* GIVEN RECORDS *
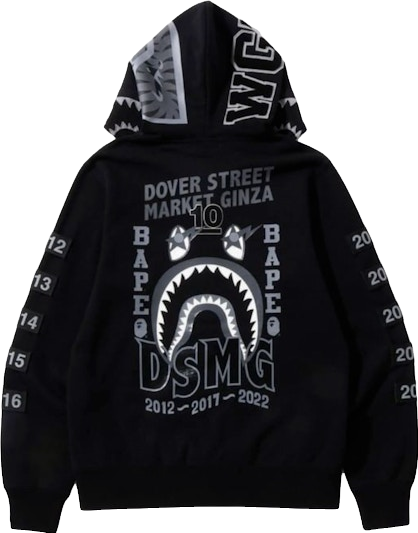 A Bathing Ape X Dover Street Market Ginza 10th Anniversary Hoodie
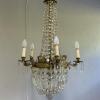 Vintage kristallikruunu 8 valaisinpistettä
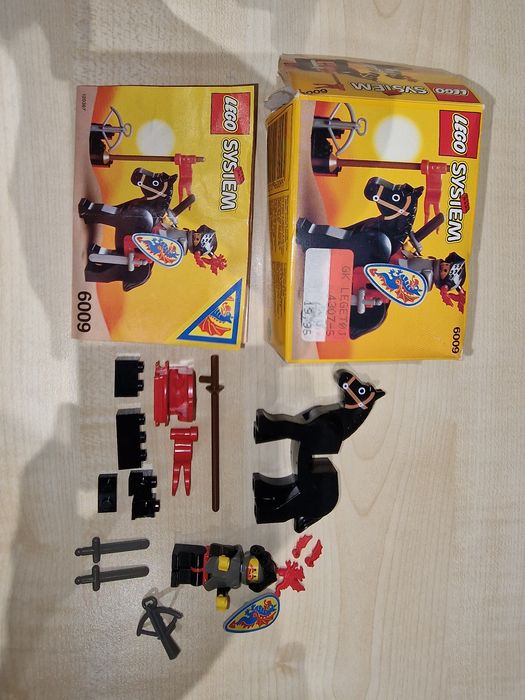 LEGO 6009 Black Knight (1992) – komplet z pudełkiem i instrukcją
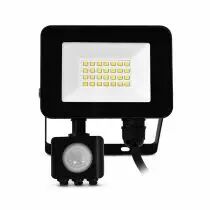 LUMOS SLIM II PROJECT 20W 3000K PLAT NOIR + DETECT IP65 (100061)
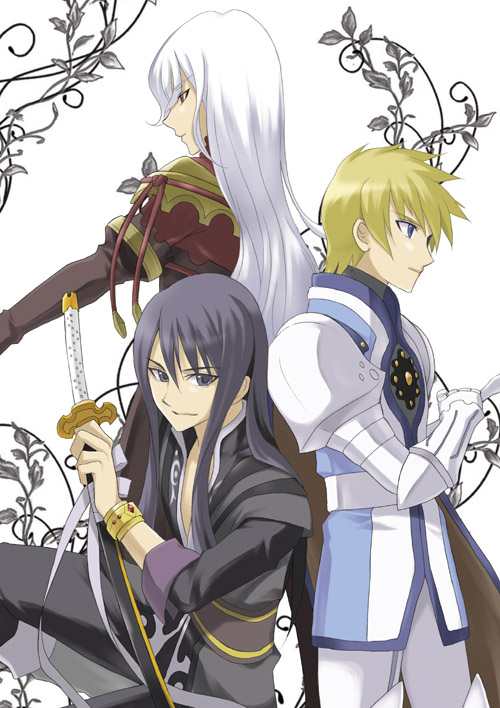 yuri lowell, flynn scifo, and duke pantarei (tales of and 1 more) drawn by nina_(pastime)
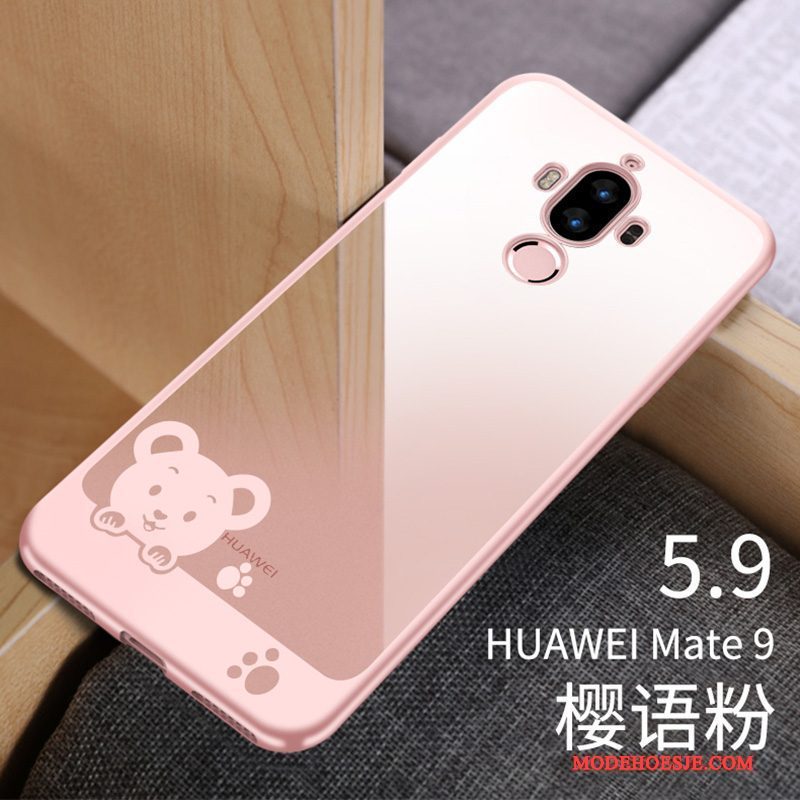 Hoesje Huawei Mate 9 Zacht Duntelefoon, Hoes Huawei Mate 9 Siliconen Anti-fall Roze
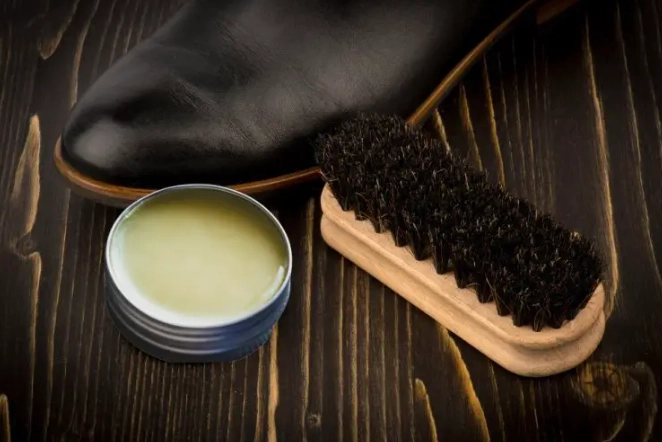vaseline on leather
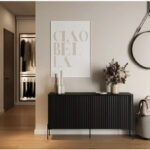 Cama VERA chest of drawers 150x40x80 black matt
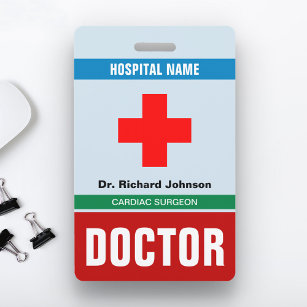 Badge Nom customisé Carte d'identité du médecin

* TASK INSTRUCTIONS *
Your answer must be the lines from the one containing "LUMOS SLIM II" through the last line of the listing above, restated word for word, with no pictures.

* YOUR RESPONSE *
 LUMOS SLIM II PROJECT 20W 3000K PLAT NOIR + DETECT IP65 (100061)
 yuri lowell, flynn scifo, and duke pantarei (tales of and 1 more) drawn by nina_(pastime)
 Hoesje Huawei Mate 9 Zacht Duntelefoon, Hoes Huawei Mate 9 Siliconen Anti-fall Roze
vaseline on leather
 Cama VERA chest of drawers 150x40x80 black matt
 Badge Nom customisé Carte d'identité du médecin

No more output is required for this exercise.